Thursday, May 7, 2009

Geek Heaven: Star Trek Hits The Sweet Spot

First, my non-spoiler review of Star Trek. I pay a very high compliment to the producers, cast and crew of Star Trek when I say this. They get it.

They get it. Ten minutes into the movie I was in tears of happiness. Chris Pine is so Captain Kirk. That was young Mr. Spock up on that screen. That was Uhura. That was Dr. McCoy. If you were worried the young actors won't live up to these classic, canonical, mythical roles, these family members for chrissakes, forget about it. They know who they are playing. They know what it means to us. They get it. They're excellent.

I don't think this particular cinematic trick -- recreating familiar characters in backstories from their youth -- has ever been done better, or even nearly as well. In other films it has come across as cheesy and contrived.

In Godfather II, for example, we see young Vito Corleone hooking up with his future caporegimes Tessio, Clemenza & Tom Hagan for the first time. The first time the Godfather ever says, "I'll make him an offer he won't refuse", it falls flat. Not even DeNiro could make it work. In the first Star Trek movie, each character was reintro'd with some familiar riff from the original TV show (e.g., McCoy bitching about his atoms being scattered in the transporter). That whole shtick works much better this time around. So I give Star Trek five stars for living up to the Star Trek legacy-- that's the most important thing, right?

And three stars for the story and action on its own terms. The big star battles are very cool. See it on IMAX if you can, there's massive action and it all looks great. I can't imagine seeing Star Trek through the eyes of a non-trekkie, but I'd bet its still a lot of fun.

That's four stars! Go see it!

Below the pix is my spoiler review.

The weakest part of Star Trek is this idiot villain Nero from the 25th century. I'm not a continuity whore, but this small-minded dope could never rise to command a Romulan vessel. The Romulans are aggressors, vicious and arrogant, but they've never been petty or completely lacking in honor. This aptly named moron blames Ambassador Spock for the destruction of Romulus in a supernova and decides to go back in time to commit galactic genocide in revenge. He's not even charismatic, half the time you can't tell Nero from his Romulan officers. Non-descript! Non-Romulan!

Now to the good stuff. Star Trek hits the sweet spot with the ultra-Shatnerian re-enactment of the Kobyashi Maru 'no-win' training simulation. If you're hardcore like I am, this scene goes down like ectasy. We all know the story from The Wrath Of Khan, where Kirk lays out his command philosophy, and the death of Spock. Kobyashi Maru goes deep--I mean really deep--into Trek mythology. I'm biased, I'm a trekkie. I'd give Chris Pine an Oscar for one of the funniest, most delicious, and arguably most vital scenes ever in sc-fi.

Captain Kirk and Mr.

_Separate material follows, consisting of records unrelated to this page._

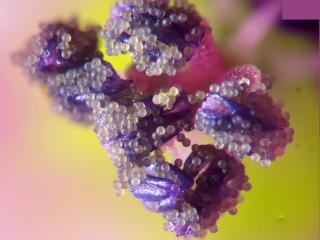 Img.VTax4519.Ex1.Img5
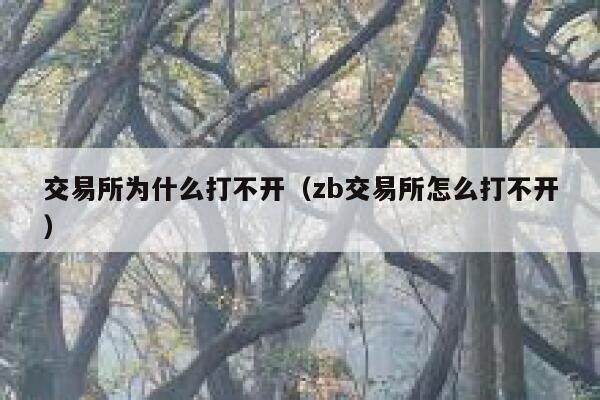 交易所为什么打不开（zb交易所怎么打不开）-第1张图片-欧易下载
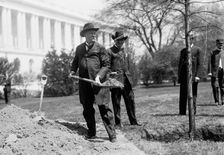 Augustus Octavius Bacon, Senator From Georgia. Left, Planting Tree At Capitol, 1911. Creator: Harris & Ewing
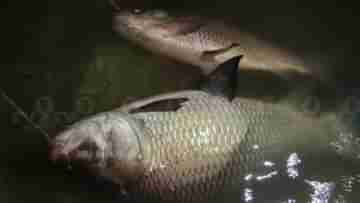 Fish: জালে টান পড়তেই মনে হয়েছিল..., তা বলে ষষ্ঠীর বাজারে এমন লক্ষ্মীলাভ, ভাবেননি ধীবরও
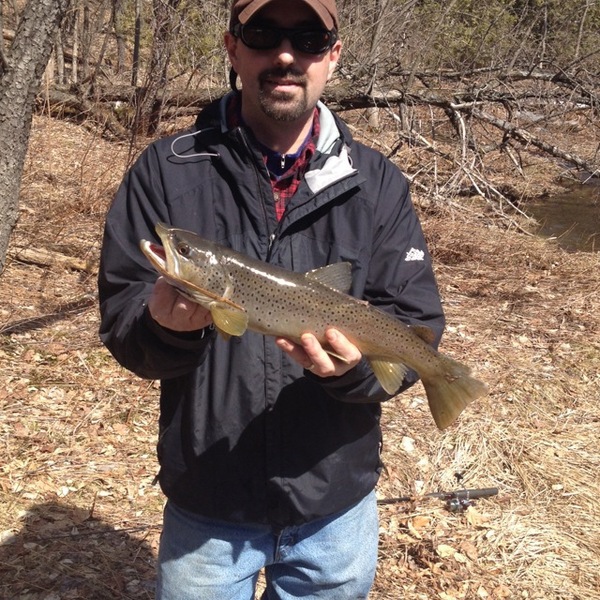 A photo of chefish's catch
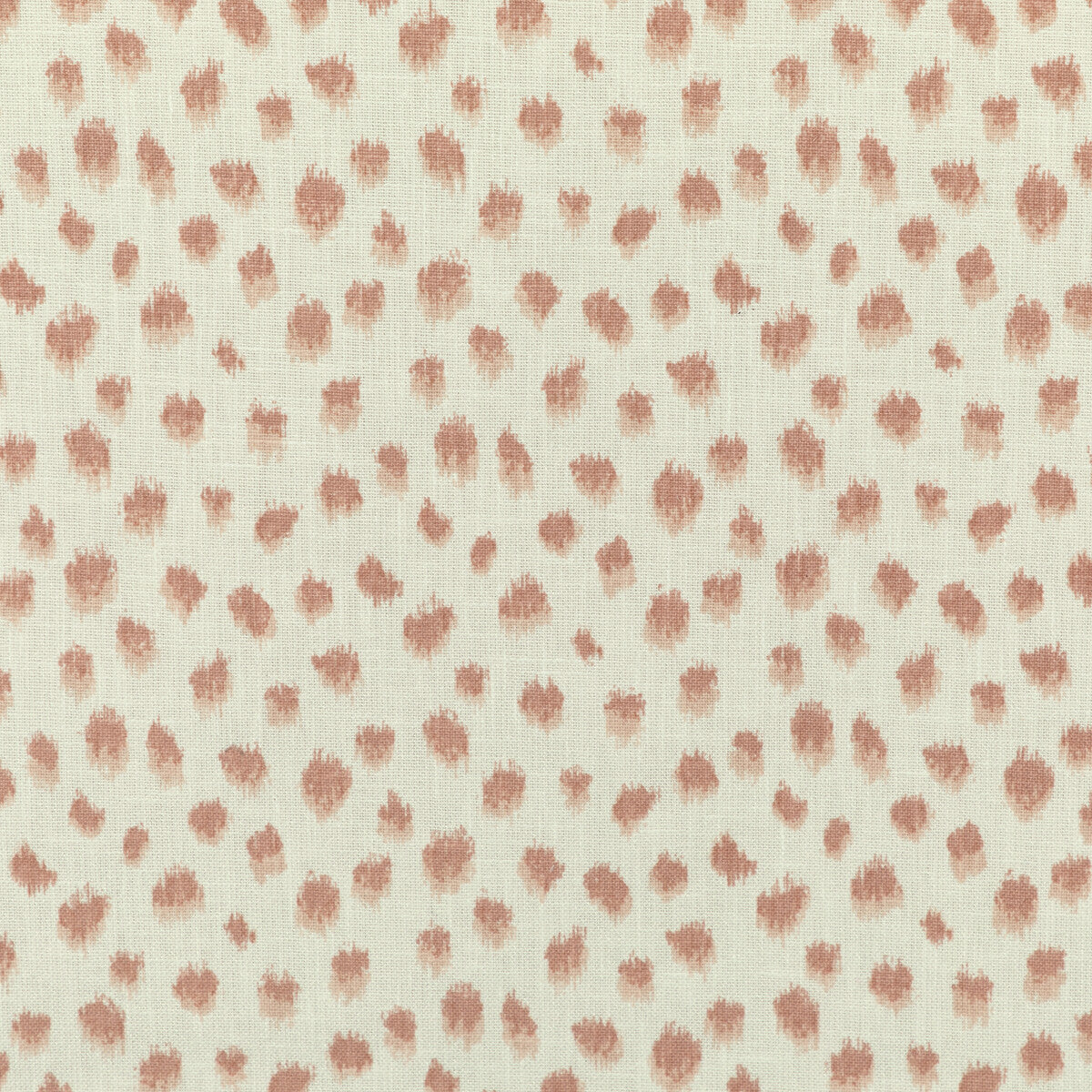 Kravet Basics-Jungleikat-17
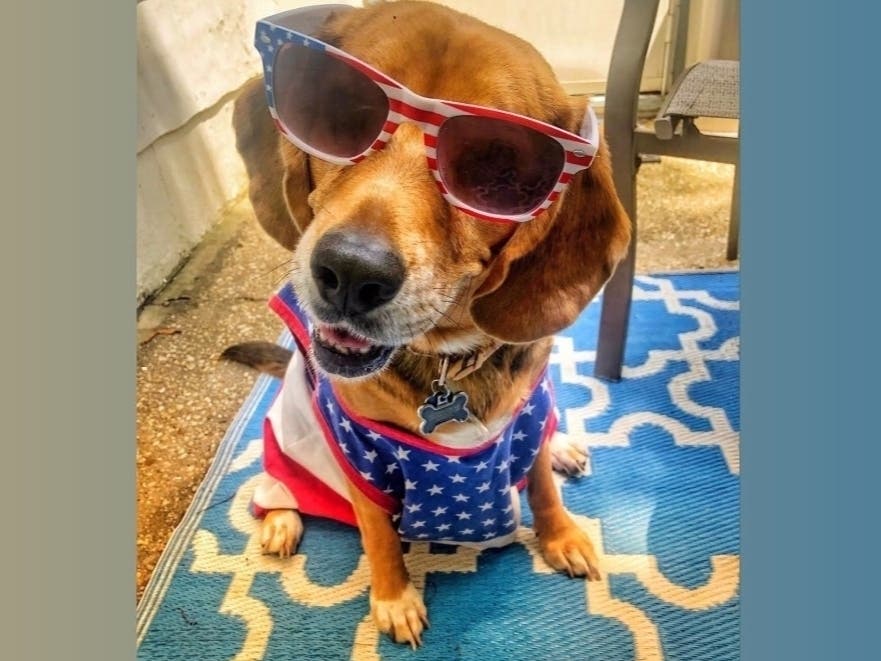 This shot of a patriotic pooch was one of Maryland’s top photos of the week. Email your best pictures to maryland@patch.com for a chance to be featured in our next gallery.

Spock. It doesn't get any deeper in our pop culture than this--is there a deeper, more illuminating bond? There's a little continuity glitch: we never knew before that Mr. Spock programmed the Kobyashi simulation at Starfleet Academy. In Khan, Spock says he never took the training test, and seems only remotely familiar with it. That's okay. The writers tweak continuity to give us one helluva philosophical smackdown between Kirk and Spock over the deep meaning of Kobyashi Maru.

The idea here is Spock and Kirk butt heads as Academy pups but learn to respect each other. Eh. I always thought they were a match made in heaven, Spock at complete peace following Kirk's lead. In the original TV series, Spock's command abilities were suspect. In The Tholian Web, Spock in command needs help from Mr. Scott because he doesn't want to use the phasers. In All Our Yesterdays, Spock feebly submits to some twit ambassador citing Starfleet regulations. And in The Galileo 7, Spock's shuttle crew comes close to mutiny.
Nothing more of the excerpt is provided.